In a first step of simplification, we assume that the $i$ th of the $n$ observations is given by a vector of $k$ angles $θ_{i} = (θ_{i 1}, \dots, θ_{ik})^{'} \in [0, 2 π [^{k}$ instead of a non-ordered set ${θ_{i 1}, \dots, θ_{ik}}$ . Using a projected normal distribution, we denote by $x_{i} = (x_{i 1}, \dots, x_{ik})^{'} \in (ℝ^{2})^{k}$ a random vector with distribution $N_{2 k} (μ_{i}, I_{2 k})$ , where $θ_{ij}$ is defined as the radial projection of $x_{ij}$ on the unit circle of $ℝ^{2}$ . In other words, we have $x_{ij} = (x_{ij 1}, x_{ij 2})^{'} = (r_{ij} \cos θ_{ij}, r_{ij} \sin θ_{ij})^{'}$ for all $i \in {1, \dots, n}$ and all $j \in {1, \dots, k}$ where $r_{ij}$ denotes the Euclidean norm of $x_{ij}$ . Note that $θ_{i}$ is observed while $r_{i} = (r_{i 1}, \dots, r_{ik})^{'}$ is not and is treated as an unknown parameter. We denote by ${PN}_{2 k} (μ_{i}, I_{2 k})$ the joint distribution of $(θ_{i}, r_{i})$ . Clustering analysis will be based on a Dirichlet process mixture (DPM) model described as follows:

\begin{matrix} \begin{matrix} θ_{i}, r_{i} | μ & \sim & {PN}_{2 k} (μ_{i}, I_{2 k}) \\ μ_{i} | P & \sim & P \\ P & \sim & DP (n_{0} P_{0}), \end{matrix} \end{matrix}

(2.1)

where $μ = (μ_{1}, \dots, μ_{n})$ and where $DP (n_{0} P_{0})$ denotes the Dirichlet process (DP) introduced by Ferguson (1973) with centre $P_{0} = N_{2 k} (0, Σ_{0})$ and precision parameter $n_{0}$ . The clustering properties of the DP are well known and date back to Blackwell and MacQueen (1973). It is shown that the parameter $μ = (μ_{1}, \dots, μ_{n})$ follows the Pólya urn scheme:

\begin{matrix} \begin{matrix} μ_{1} & \sim & P_{0} \\ μ_{i + 1} | μ_{1}, \dots, μ_{i} & \sim & \frac{1}{n_{0} + i} \sum_{j = 1}^{i} δ_{μ_{i}} + \frac{n_{0}}{n_{0} + i} P_{0}, for i \geq 2, \end{matrix} \end{matrix}

(2.2)

with $δ_{μ_{i}}$ indicating the point measure on $μ_{i}$ . So, $μ_{i + 1}$ may be equal to one of the previous $μ_{i}$ ’s or may be drawn from $P_{0}$ . This results in a positive probability of sharing the parameter value with previous observations; hence the clusters. In the sequel, we will denote by $P & oacute; lya (n_{0} P_{0})$ the distribution of $μ$ given by (2.2). Although the DPM is very popular for Bayesian clustering, other model-based cluster methods exist. For a review of these methods, we refer the reader to Quintana (2006); Lau and Green (2007); Fritsch and Ickstadt (2009) and references therein. Note that the DPM model does not require choosing the number of clusters. On the other hand, it is well known that the number of clusters can be controlled by $n_{0}$ . Learning about $n_{0}$ from the data may be addressed by assuming a Gamma prior distribution $n_{0} \sim G (a_{n_{0}}, b_{n_{0}})$ (Escobar and West, 1995).

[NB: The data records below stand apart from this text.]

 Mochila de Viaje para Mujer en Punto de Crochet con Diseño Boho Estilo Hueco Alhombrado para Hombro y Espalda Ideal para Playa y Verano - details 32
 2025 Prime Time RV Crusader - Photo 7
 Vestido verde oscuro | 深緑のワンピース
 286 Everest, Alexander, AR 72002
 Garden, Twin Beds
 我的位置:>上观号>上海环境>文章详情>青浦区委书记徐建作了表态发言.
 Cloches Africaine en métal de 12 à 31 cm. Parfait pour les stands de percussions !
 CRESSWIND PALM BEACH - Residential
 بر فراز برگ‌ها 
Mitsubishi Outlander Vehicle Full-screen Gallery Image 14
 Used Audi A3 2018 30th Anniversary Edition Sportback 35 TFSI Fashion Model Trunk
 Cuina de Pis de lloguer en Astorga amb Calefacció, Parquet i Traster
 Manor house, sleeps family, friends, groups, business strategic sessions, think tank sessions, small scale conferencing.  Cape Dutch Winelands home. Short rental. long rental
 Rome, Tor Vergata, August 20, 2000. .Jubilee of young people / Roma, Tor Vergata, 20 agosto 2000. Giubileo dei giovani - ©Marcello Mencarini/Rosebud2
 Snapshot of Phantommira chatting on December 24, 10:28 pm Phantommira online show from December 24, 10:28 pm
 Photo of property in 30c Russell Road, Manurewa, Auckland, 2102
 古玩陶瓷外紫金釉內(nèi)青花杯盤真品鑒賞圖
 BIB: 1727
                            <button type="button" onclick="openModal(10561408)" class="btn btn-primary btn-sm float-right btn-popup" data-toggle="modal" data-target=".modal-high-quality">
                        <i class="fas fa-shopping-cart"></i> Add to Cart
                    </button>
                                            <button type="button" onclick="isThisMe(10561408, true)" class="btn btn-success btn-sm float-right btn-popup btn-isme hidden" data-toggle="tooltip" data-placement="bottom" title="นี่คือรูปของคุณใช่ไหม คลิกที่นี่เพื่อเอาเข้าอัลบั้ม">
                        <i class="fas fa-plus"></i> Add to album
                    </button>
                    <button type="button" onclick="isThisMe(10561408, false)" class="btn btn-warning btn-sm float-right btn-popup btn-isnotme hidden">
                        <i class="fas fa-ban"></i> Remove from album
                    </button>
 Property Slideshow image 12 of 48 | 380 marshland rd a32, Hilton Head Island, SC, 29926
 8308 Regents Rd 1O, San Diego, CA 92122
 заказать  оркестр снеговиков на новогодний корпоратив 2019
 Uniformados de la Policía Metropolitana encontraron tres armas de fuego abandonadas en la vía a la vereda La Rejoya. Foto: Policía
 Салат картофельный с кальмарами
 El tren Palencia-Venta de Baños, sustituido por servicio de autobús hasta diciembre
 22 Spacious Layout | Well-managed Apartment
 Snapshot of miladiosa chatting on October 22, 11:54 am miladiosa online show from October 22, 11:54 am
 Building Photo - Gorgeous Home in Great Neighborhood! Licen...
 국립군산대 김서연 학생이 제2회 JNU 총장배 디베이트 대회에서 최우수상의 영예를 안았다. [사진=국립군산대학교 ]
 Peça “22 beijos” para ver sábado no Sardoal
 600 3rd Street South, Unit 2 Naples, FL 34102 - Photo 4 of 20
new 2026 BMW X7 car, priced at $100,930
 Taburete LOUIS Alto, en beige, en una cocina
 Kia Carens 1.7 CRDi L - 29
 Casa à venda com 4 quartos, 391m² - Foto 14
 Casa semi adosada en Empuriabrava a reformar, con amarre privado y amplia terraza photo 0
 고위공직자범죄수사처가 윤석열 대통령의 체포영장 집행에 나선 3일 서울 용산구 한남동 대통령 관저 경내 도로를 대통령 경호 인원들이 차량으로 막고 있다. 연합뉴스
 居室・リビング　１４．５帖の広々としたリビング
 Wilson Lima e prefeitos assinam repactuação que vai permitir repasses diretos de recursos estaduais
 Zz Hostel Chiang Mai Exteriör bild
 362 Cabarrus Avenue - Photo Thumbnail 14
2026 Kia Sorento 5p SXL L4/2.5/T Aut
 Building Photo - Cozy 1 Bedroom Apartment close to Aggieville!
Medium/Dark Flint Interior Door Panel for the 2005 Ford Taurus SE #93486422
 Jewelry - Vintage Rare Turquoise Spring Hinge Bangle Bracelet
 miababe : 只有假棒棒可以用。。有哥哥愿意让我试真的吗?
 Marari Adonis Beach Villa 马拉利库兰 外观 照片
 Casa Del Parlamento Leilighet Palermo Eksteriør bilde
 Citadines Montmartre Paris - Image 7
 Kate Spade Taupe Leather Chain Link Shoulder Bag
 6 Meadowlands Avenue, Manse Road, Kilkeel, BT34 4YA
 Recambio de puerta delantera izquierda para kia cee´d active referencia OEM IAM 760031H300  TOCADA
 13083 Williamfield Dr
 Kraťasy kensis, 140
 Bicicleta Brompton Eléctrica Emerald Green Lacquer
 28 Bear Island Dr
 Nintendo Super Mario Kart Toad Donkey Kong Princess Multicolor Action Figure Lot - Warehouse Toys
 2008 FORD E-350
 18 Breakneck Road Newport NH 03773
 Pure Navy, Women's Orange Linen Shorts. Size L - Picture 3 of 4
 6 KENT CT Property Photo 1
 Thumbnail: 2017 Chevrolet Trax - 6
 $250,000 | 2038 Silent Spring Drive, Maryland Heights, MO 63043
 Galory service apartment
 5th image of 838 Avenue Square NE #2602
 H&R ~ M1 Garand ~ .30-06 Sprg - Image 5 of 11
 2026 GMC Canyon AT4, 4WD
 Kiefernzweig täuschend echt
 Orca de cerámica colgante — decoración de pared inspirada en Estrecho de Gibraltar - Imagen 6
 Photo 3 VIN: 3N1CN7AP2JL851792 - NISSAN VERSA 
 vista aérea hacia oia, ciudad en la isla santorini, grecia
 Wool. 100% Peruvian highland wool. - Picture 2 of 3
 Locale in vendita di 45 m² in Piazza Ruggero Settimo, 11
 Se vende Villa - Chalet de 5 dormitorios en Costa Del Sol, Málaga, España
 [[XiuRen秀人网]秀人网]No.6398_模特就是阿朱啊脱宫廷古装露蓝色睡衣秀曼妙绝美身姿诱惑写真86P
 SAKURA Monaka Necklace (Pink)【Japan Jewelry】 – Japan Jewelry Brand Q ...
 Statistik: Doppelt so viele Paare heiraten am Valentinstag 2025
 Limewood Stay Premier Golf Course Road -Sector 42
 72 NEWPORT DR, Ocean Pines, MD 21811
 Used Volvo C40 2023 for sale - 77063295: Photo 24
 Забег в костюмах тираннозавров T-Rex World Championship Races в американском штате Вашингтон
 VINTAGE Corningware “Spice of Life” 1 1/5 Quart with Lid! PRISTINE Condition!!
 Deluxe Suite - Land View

Now recall that the actual $i$ th observation consists of a (non ordered) set of the form ${θ_{i 1}, \dots, θ_{ik}}$ rather than of a vector (ordered) $θ_{i} = (θ_{i 1}, \dots, θ_{ik})^{'}$ . The impact of this simplification is quite easy to understand. Using model (2.1), two observations $i_{1}$ and $i_{2}$ with the same angles but in different orders would have a very low posterior probability of sharing the same cluster, that is $μ_{i 1} = μ_{i 2}$ . We treat the observations as vectors for convenience, but we have to introduce a permutation parameter $τ_{i}$ to compensate this simplification. More precisely, for all $μ_{i} = (μ_{i 1}^{'}, \dots, μ_{ik}^{'})^{'}$ and all permutation $τ_{i}$ of ${1, \dots, k}$ , we set $μ_{i}^{τ_{i}} = (μ_{i τ_{i} (1)}^{'}, \dots, μ_{i τ_{i} (k)}^{'})^{'}$ ; $μ_{i}^{τ_{i}}$ can be viewed as a random permutation of the coordinates of $μ_{i}$ . Therefore, the clustering model becomes:

\begin{matrix} \begin{matrix} θ_{i}, r_{i} | μ, τ & \sim & {PN}_{2 k} (μ_{i}^{τ_{i}}, I_{2 k}) \\ μ_{i} | P & \sim & P \\ P & \sim & DP (n_{0} P_{0}), \end{matrix} \end{matrix}

(2.3)

where $τ = (τ_{1}, \dots, τ_{n})$ and $μ = (μ_{1}, \dots, μ_{n})$ . The permutations $τ_{i}$ are assumed to be a priori independent with a uniform distribution U_P on the set P of permutations of ${1, \dots, k}$ . The posterior probability that two observations $i_{1}$ and $i_{2}$ with the same angles but in different orders would share the same cluster is increased with model (2.3) as there exist some values of $τ_{i 1}$ and $τ_{i 2}$ such that $μ_{i 1}^{τ_{i 1}} = μ_{i 2}^{τ_{i 2}}$ . A theoretical study of the impact of the symmetry introduced by $τ_{i}$ is given in Section 4.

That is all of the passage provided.